A graphic of WASP-39 b’s atmosphere released by NASA shows four transmission spectra from three of Webb’s instruments operated in four instrument modes. On the upper left of the graphic, one can observe data from the JWST Near Infrared Imager and Slitless Spectrograph (NIRISS). The data reveals fingerprints of potassium, water and carbon monoxide. 

On the upper right region, one can find data from the Near Infrared Camera (NIRCam), which shows a prominent water signature.

The data from Near Infrared Spectrograph (NIRSpec) at the lower left shows water, sulphur dioxide, carbon dioxide and carbon monoxide.

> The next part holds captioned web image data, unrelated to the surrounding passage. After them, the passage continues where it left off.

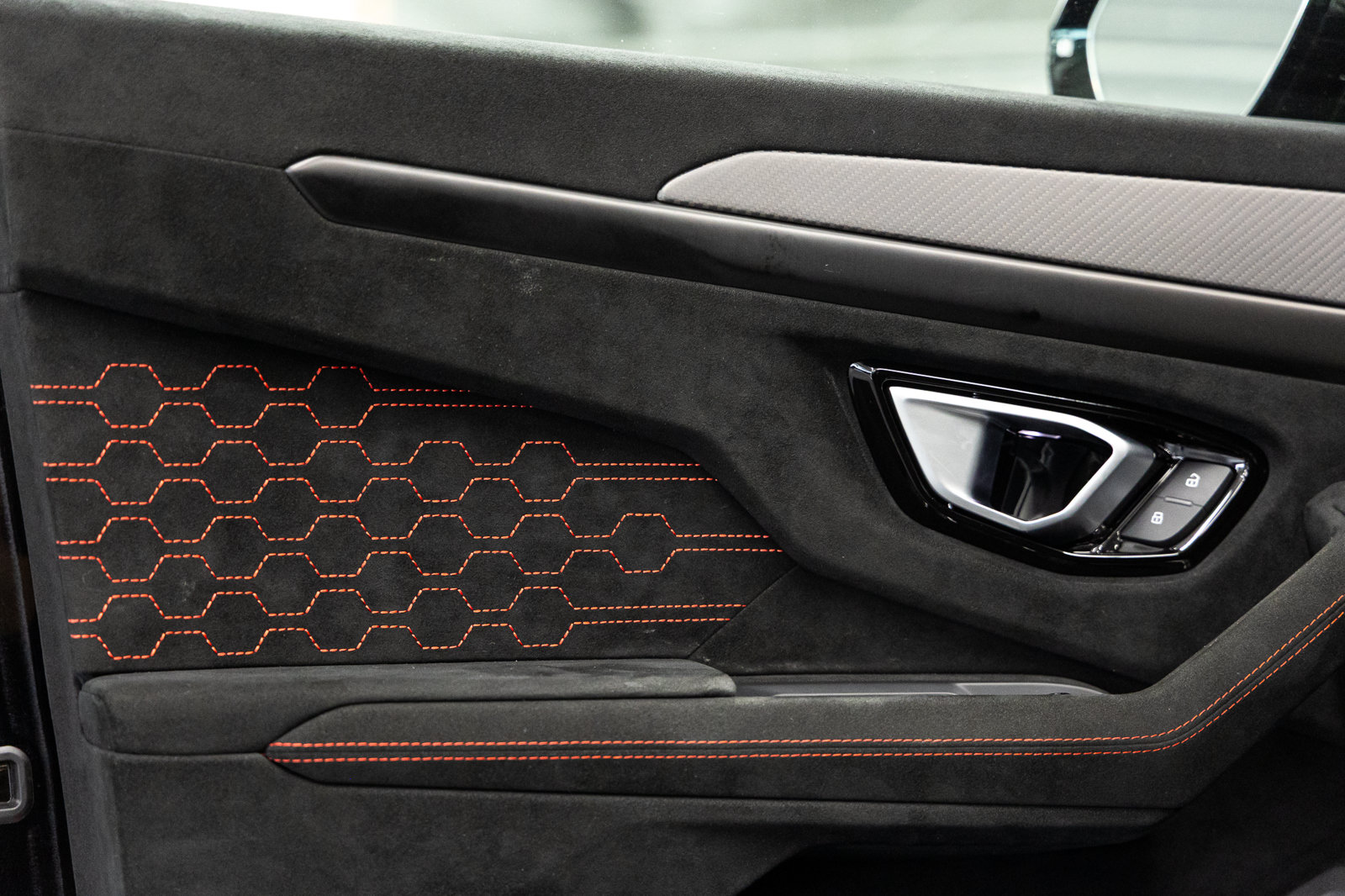 Used 2024 Lamborghini Urus Performante AWD/4WD image 64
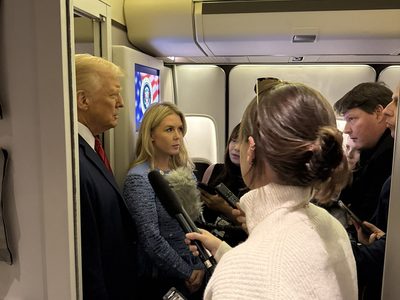 Trump celebra marcha atrás de Colombia y defiende que migrantes deportados estén esposados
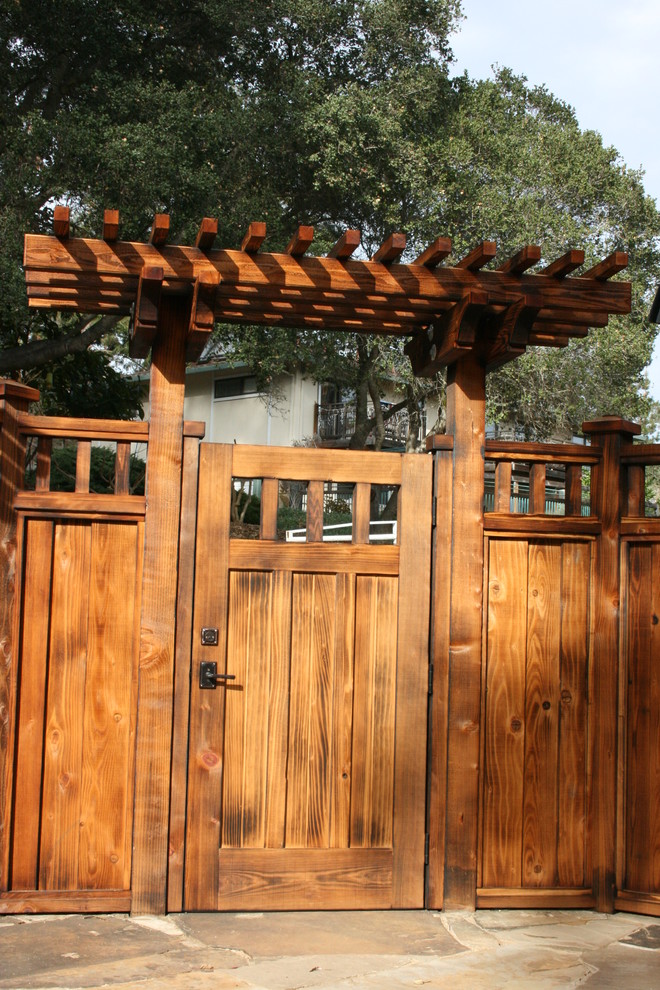 Ispirazione per una piccola porta d'ingresso stile americano con una porta singola, una porta in legno bruno e pavimento beige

Additional NIRSpec data on the lower right region shows sodium water, carbon monoxide, carbon dioxide and sulphur dioxide.

Hannah Wakeford, an astrophysicist at the University of Bristol in the United Kingdom, who investigates exoplanet atmospheres, said the researchers had predicted what Webb would show them, but the final data was more precise, more diverse and more beautiful than she actually believed it would be. 

Significance of Webb’s observations of WASP-39 b

A complete roster of chemical ingredients in an exoplanet atmosphere helps scientists obtain a glimpse of different elements in relation to each other, such as carbon-to-oxygen or potassium-to-oxygen ratios. In this way, scientists can understand how the exoplanet, and other planets, formed out of the disk of gas and dust surrounding the planet star.

How was WASP-39 b formed?

According to NASA, the chemical inventory of WASP-39 b suggests a history of smashups and mergers of smaller bodies called planetesimals. These are minute planets that could come together with many others under gravitational forces to form a planet. Therefore, WASP-39 b could have been formed due to many planetesimals coming together.

Kazumasa Ohno, a researcher from the University of Santa Cruz who worked on Webb data, said the abundance of sulphur relative to hydrogen indicated that WASP-39 b presumably experienced significant accretion of planetesimals that can deliver these ingredients to the atmosphere. He added that this indicates that the oxygen is a lot more abundant than the carbon in the atmosphere, potentially suggesting that WASP-39 b originally formed far away from the central star. 

Webb’s instruments promise a new phase of exploration among the broad variety of exoplanets in the galaxy.